• **WORK ITEM**:
The entries must be repeated verbatim, and their images left out.

• **PROVIDED RECORDS**:
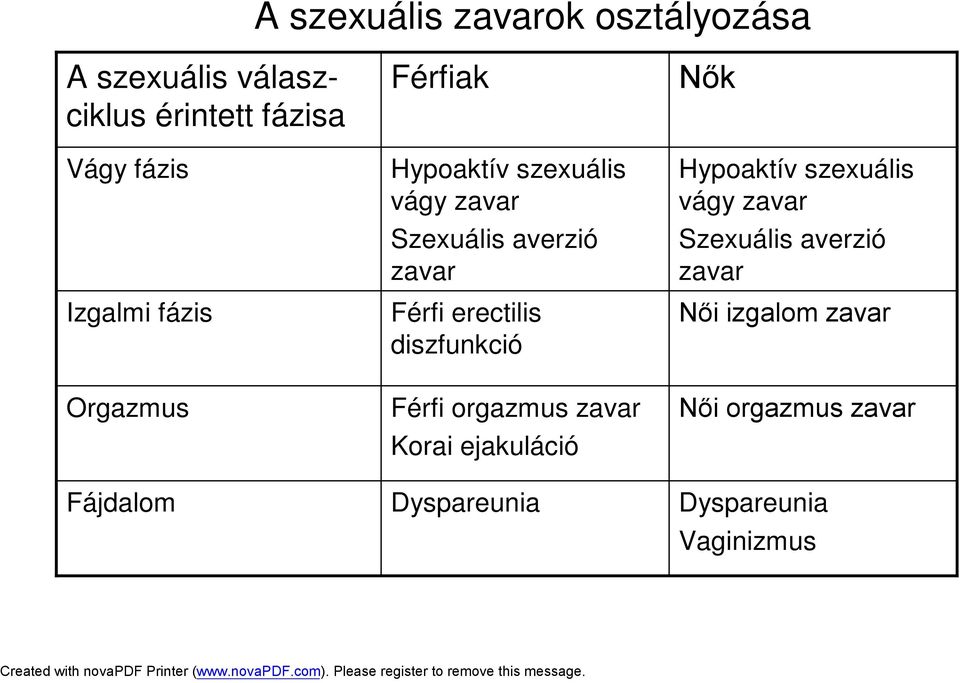 erectilis diszfunkció Férfi orgazmus zavar Korai ejakuláció Dyspareunia Nők Hypoaktív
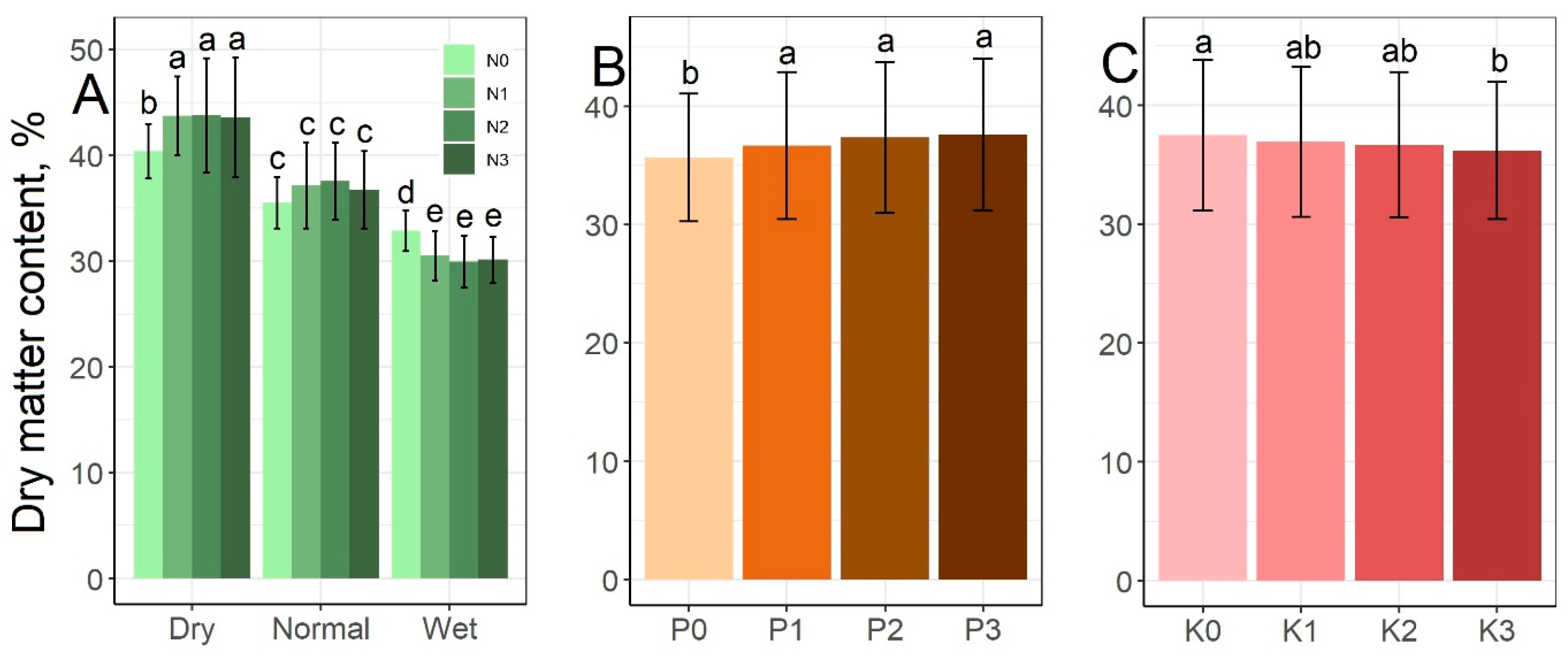 Horticulturae 09 01337 g004 Horticulturae 09 01337 g004
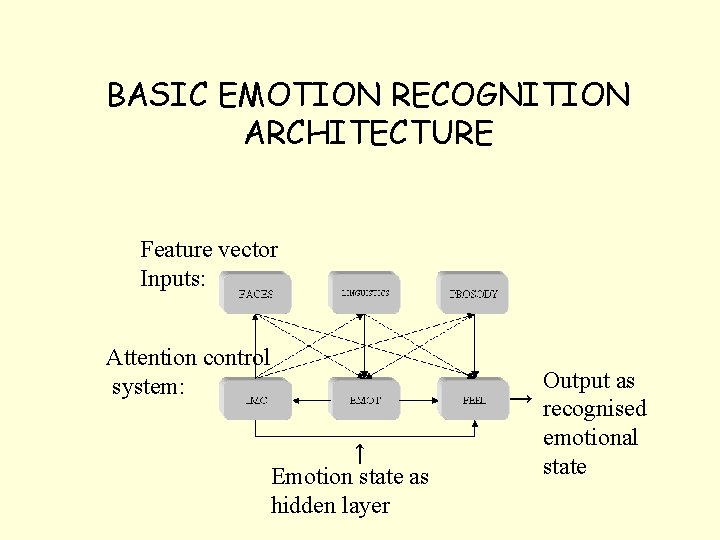 BASIC EMOTION RECOGNITION ARCHITECTURE Feature vector Inputs: Attention control system: ↑ Emotion state as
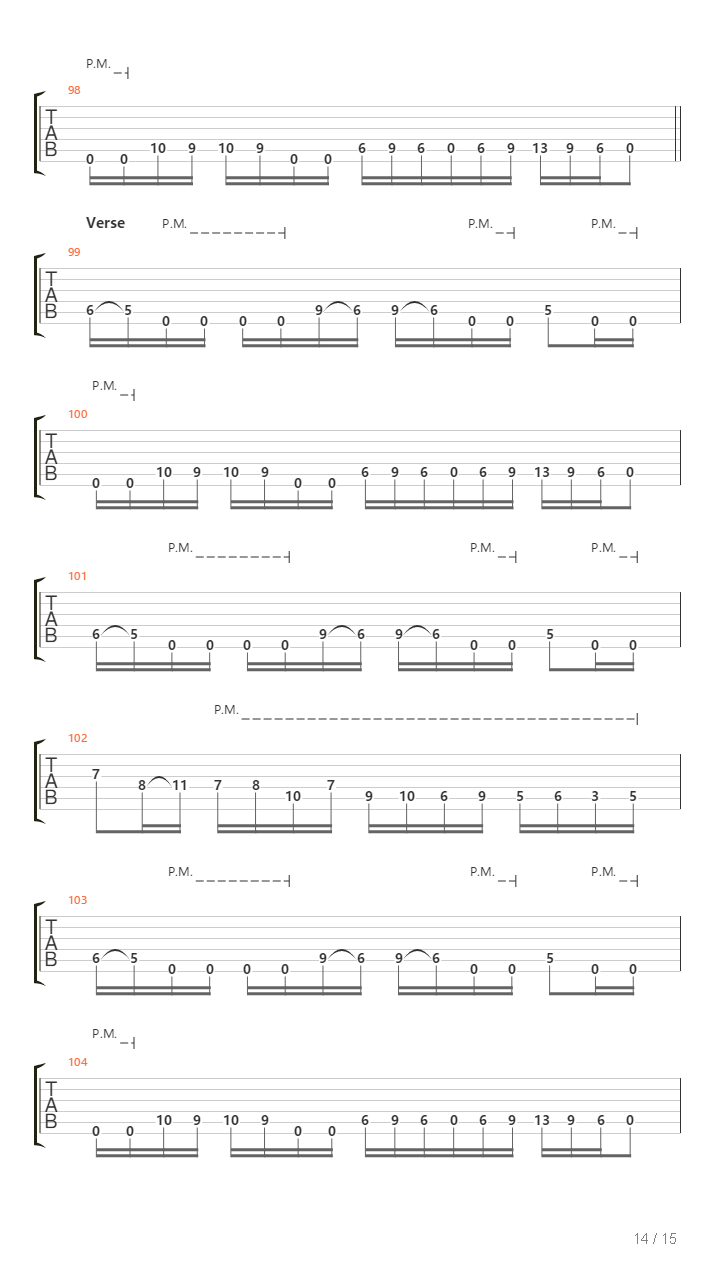 Anatomy Of Sin吉他谱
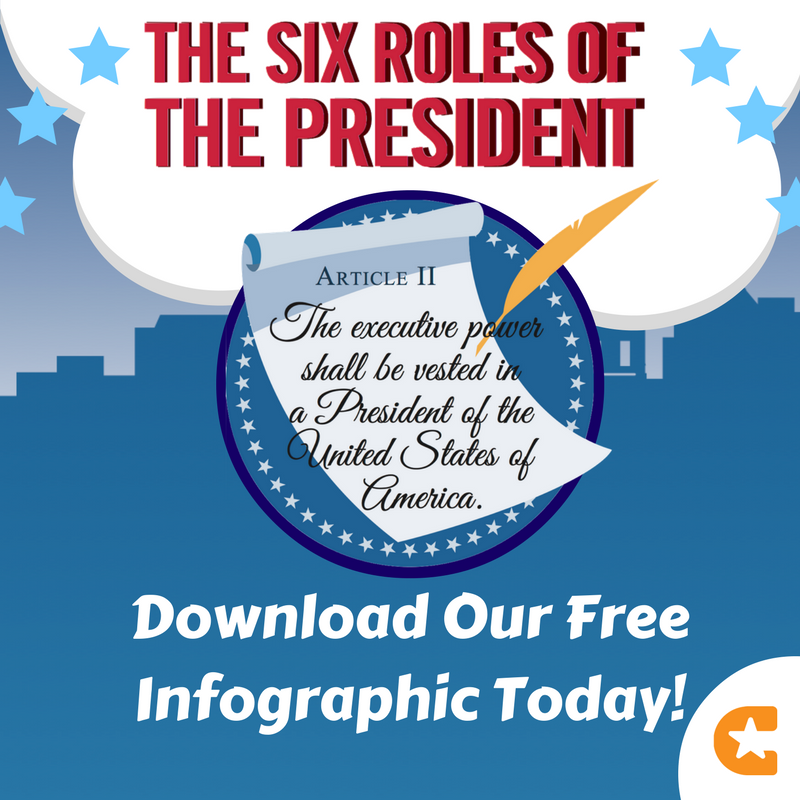 icivics's tweet photo. Teach the 6 Roles of the President. Download our free Infographic today: https://t.co/SXP11WCfS7
#CommandTheExecutive #sschat https://t.co/NYBEGsSp4y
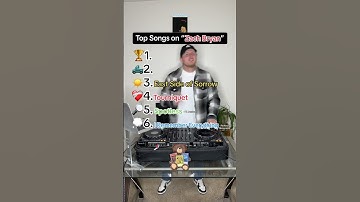 Thumbnail of The BEST Songs on Zach Bryan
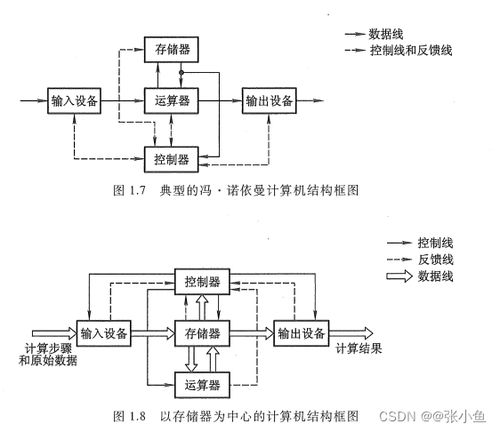 計算機系統概述 機組第一章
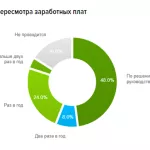 Работодатели Алтайского края намерены поднять зарплату сотрудникам в 2022 году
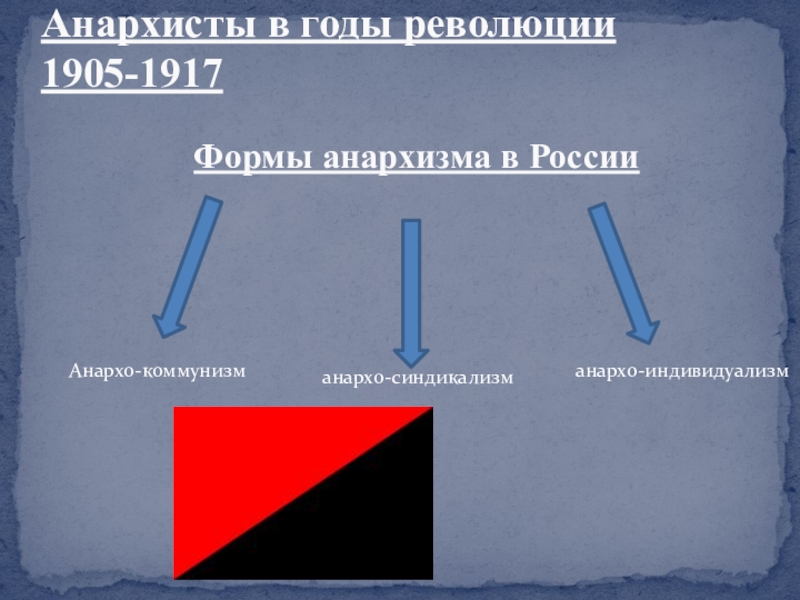 Презентация анархизм в россии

• **SOLUTION TO THE EXERCISE**:
 erectilis diszfunkció Férfi orgazmus zavar Korai ejakuláció Dyspareunia Nők Hypoaktív
 Horticulturae 09 01337 g004 Horticulturae 09 01337 g004
 BASIC EMOTION RECOGNITION ARCHITECTURE Feature vector Inputs: Attention control system: ↑ Emotion state as
 Anatomy Of Sin吉他谱
 icivics's tweet photo. Teach the 6 Roles of the President. Download our free Infographic today: https://t.co/SXP11WCfS7
#CommandTheExecutive #sschat https://t.co/NYBEGsSp4y
 Thumbnail of The BEST Songs on Zach Bryan
 計算機系統概述 機組第一章
 Работодатели Алтайского края намерены поднять зарплату сотрудникам в 2022 году
 Презентация анархизм в россии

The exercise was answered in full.